/byoc-tool

Tool that prepares your data for use in Sentinel Hub

Primary LanguageJavaMIT LicenseMIT

Tool for Sentinel Hub BYOC service

The Sentinel Hub BYOC Tool is software which can be used to prepare your data for use in Sentinel Hub in a few simple steps. It is simple to use for simple cases but is also highly configurable allowing for more complex requirements.

The tool converts your TIFF and JP2 files to supported Cloud Optimized GeoTIFFs, uploads them to you AWS S3 bucket and registers them in the Sentinel Hub BYOC service. When complete, your data becomes visible in Sentinel Hub. The same steps can be done manually and are detailed in our documentation.

The tool can be run either in Docker or as Java JAR. Instructions on how to install the tool are here.

The tool works only with AWS S3 buckets in EU-Central-1 and US-West-2 region.

Prerequisites

Before using the tool make sure you have the following:

  • A Sentinel Hub OAuth client -- for communicating with Sentinel Hub.

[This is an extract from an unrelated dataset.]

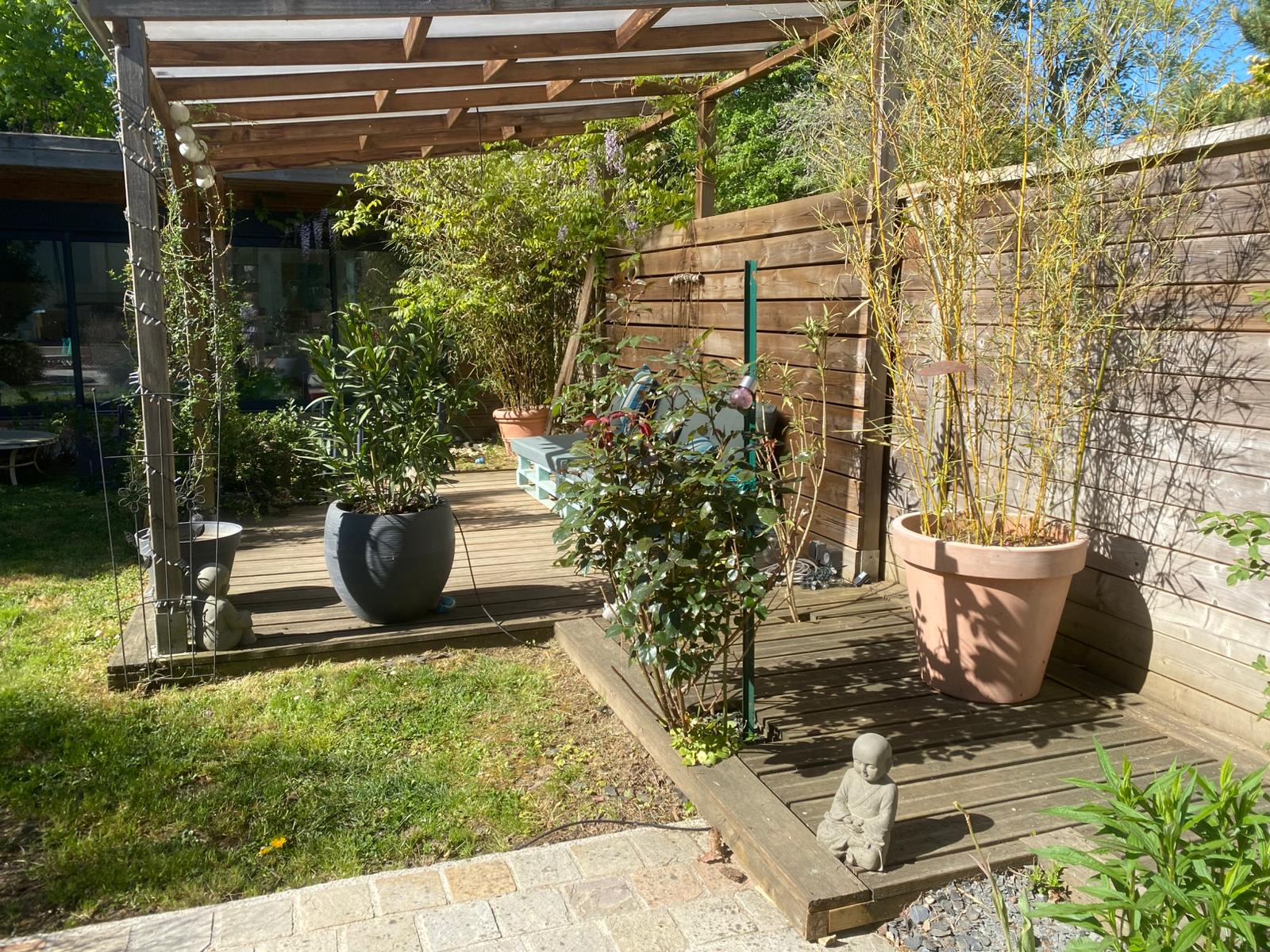 Terrasse et jardin zen du cabinet Sangaia Kinésiologie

If you don't have one, create one in your dashboard. Click here for detailed instructions.

  • A BYOC collection -- the collection data will be added to. If you don't have one, create one using your dashboard or use the API.

  • An AWS bucket which is configured so that Sentinel Hub can access data from it -- how to do this is documented here. While this is not strictly speaking necessary for the BYOC tool to function, for the data to work on Sentinel Hub it needs read access to the data.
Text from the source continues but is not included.